Chip giant Intel has confirmed that fixes mitigating the Meltdown and Spectre vulnerabilities that stem from flaws in its processors will have a negative performance impact, but believes it won't be significant for average computer users.
Intel used the SYSmark 2014 SE application benchmark developed by Bapco to test its eighth generation Core processors in a computer with solid state storage, and found that the Meltdown and Spectre fixes slowed down the system by six percent.
On the individual SYSmark tests, the performance degradation from turning off the processor optimisations that can be abused by the Meltdown and Spectre exploits to leak information varied from two to 14 percent, Intel said.
"This means the typical home and business PC user should not see significant slowdowns in common tasks such as reading email, writing a document or accessing digital photos," Intel added.
The performance impact of the Meltdown and Spectre fixes on data centre systems is yet to be fully evaluated by Intel.
But Linux vendor Red Hat tested the security fixes and found they slowed down highly cached random memory with buffered input/output online transaction processing database workloads by between eight and 19 percent.

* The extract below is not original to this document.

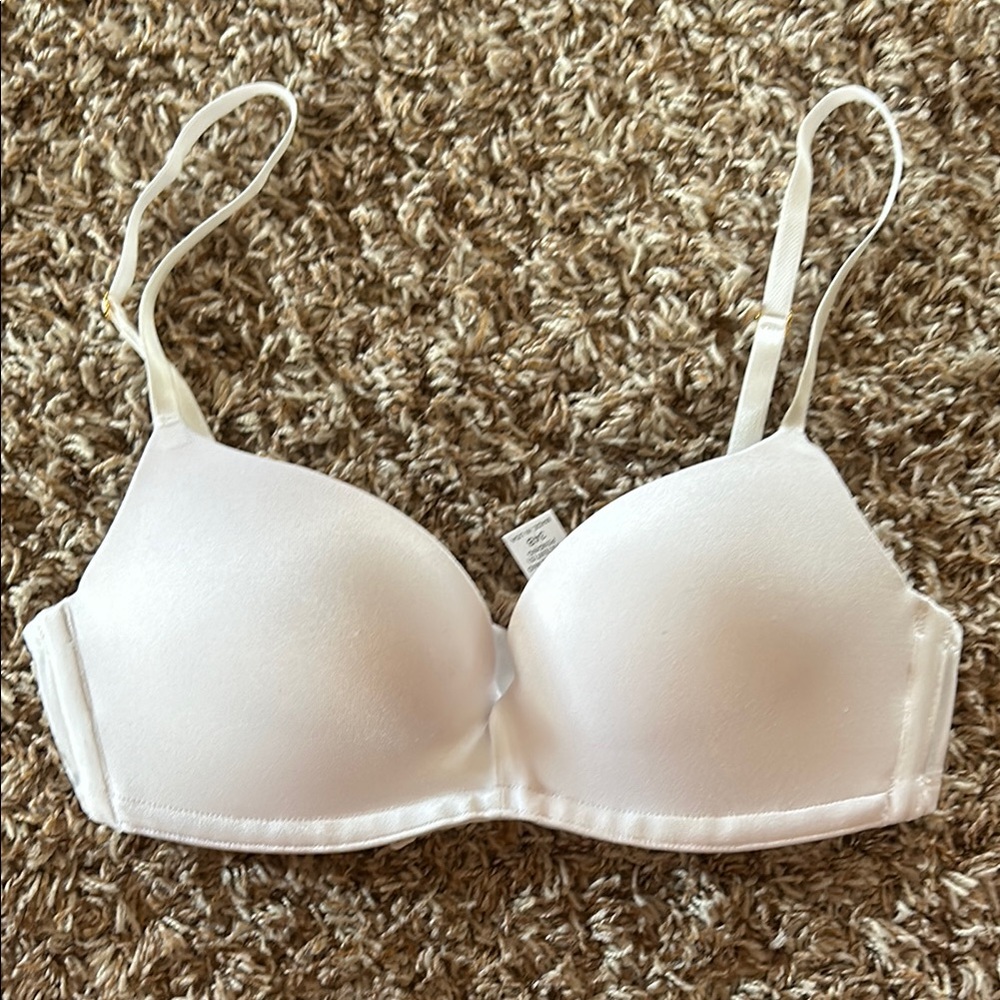 NWOT Upbra t shirt Elegant White Women's Bra 34B push up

Other workloads such as database analytics, Java virtual machines, and intensive high performance computing showed small to modest amounts of performance degradation in Red Hat's testing, using its Enterprise Linux 7 distribution as the operating system.
Microsoft too has evaluated the performance impact of the Meltdown and Spectre fixes.
Newer Windows 10 PCs with 2016 or more recent Intel Sky Lake or Kaby Lake processors show "single-digit slowdowns" which Microsoft doesn't expect will be noticeable by most users, as they only make a few milliseconds difference.
However, on older computers with Intel Haswell (from 2015) or earlier processors, "some benchmarks show more significant slowdowns, and we expect some users will notice a decrease in system performance," Microsoft said.
Likewise, Windows 7 and Windows 8 users with older PCs will notice that their systems are slower, Microsoft's testing showed.
Enterprise and business customers may have to choose between applying the Meltdown and Spectre fixes, or carefully evaluating what code they are running on their systems, since Microsoft's Windows Server operating system will slow down significantly with the security mitigations applied.
Microsoft explained that older versions of Windows have more user-kernel transitions "because of legacy design decisions" and will suffer a larger performance hit when the Meltdown and Spectre fixes are applied, compared to Windows 10.
For instance, on Windows 7 and Windows 8, all font rendering takes place in the operating system kernel, Microsoft said.
Apple Mac users look set to experience significant system slow-downs once the Meltdown and Spectre fixes are applied, benchmark testing reveals.
Security researcher OSXreverser tested Apple's latest macOS High Sierra 10.13.2 desktop operating system, and noted that "the general conclusion points towards a real performance loss" thanks to the Meltdown and Spectre fixes.
In particular, syscalls which act as the interface between applications and the macOS kernel will take two to four times as long to execute, OSXreverser's testing showed.
"Yes it sucks, we just lost a certain amount of computing power in the space of a week, and for some people there is even real financial impact - some cloud users experienced higher CPU usage which will translate into higher costs," he concluded.